Work order — Nothing but the lines from the one with "Snapshot of Amy_Ronan" down to the one with "4bdrm Duplex in" should be returned, exactly and with both ends included, from the material below.

Data —
↓
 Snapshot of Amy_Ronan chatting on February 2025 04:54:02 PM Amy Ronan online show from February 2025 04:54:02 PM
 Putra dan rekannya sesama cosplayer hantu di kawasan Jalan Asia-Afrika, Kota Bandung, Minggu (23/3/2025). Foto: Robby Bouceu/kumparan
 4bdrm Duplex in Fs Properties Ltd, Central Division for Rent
↑
↓
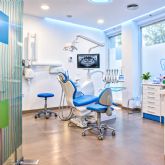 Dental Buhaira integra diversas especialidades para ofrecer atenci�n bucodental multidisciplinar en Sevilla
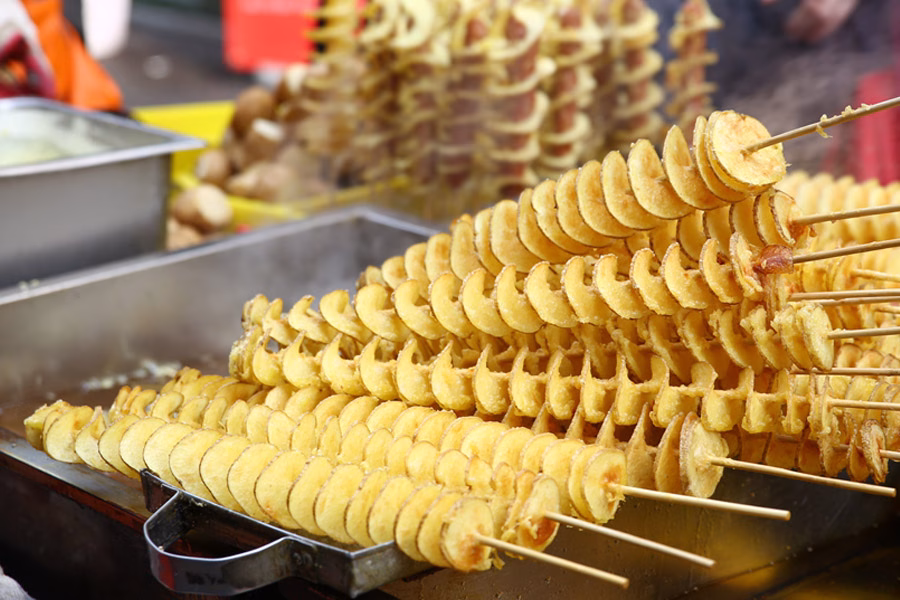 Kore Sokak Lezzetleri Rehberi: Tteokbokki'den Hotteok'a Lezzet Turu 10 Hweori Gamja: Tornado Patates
↑
↓
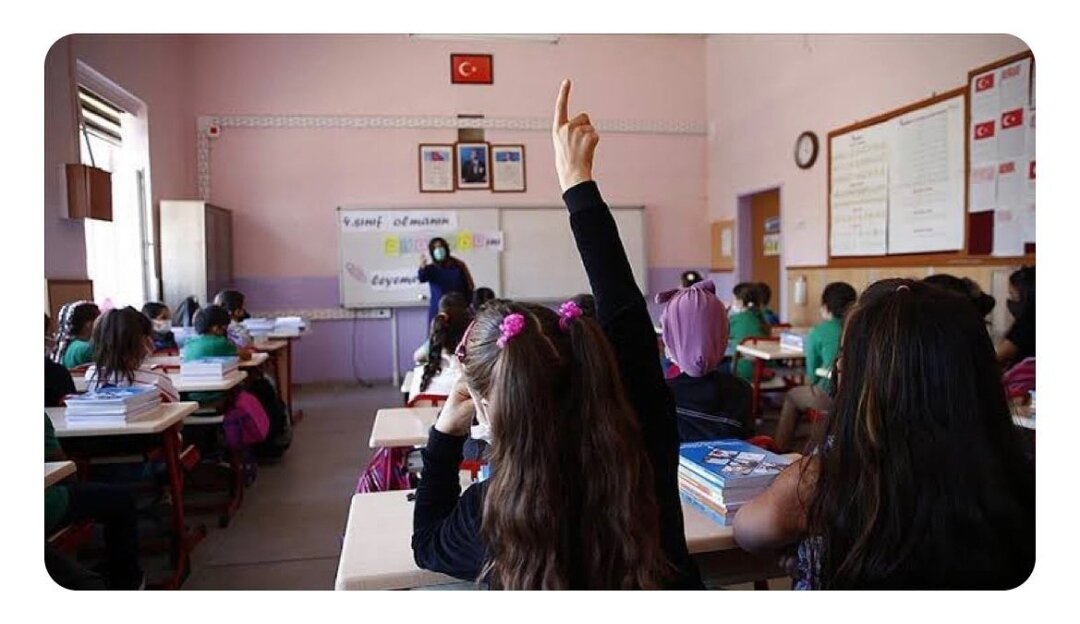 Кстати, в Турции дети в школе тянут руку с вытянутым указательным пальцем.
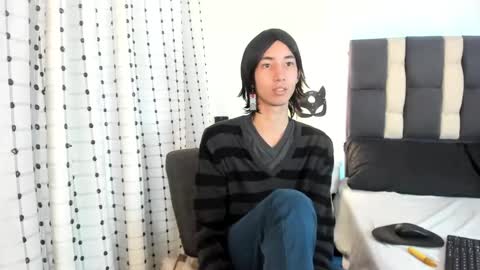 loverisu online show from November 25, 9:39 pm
↑
Answer box —
 Snapshot of Amy_Ronan chatting on February 2025 04:54:02 PM Amy Ronan online show from February 2025 04:54:02 PM
 Putra dan rekannya sesama cosplayer hantu di kawasan Jalan Asia-Afrika, Kota Bandung, Minggu (23/3/2025). Foto: Robby Bouceu/kumparan
 4bdrm Duplex in Fs Properties Ltd, Central Division for Rent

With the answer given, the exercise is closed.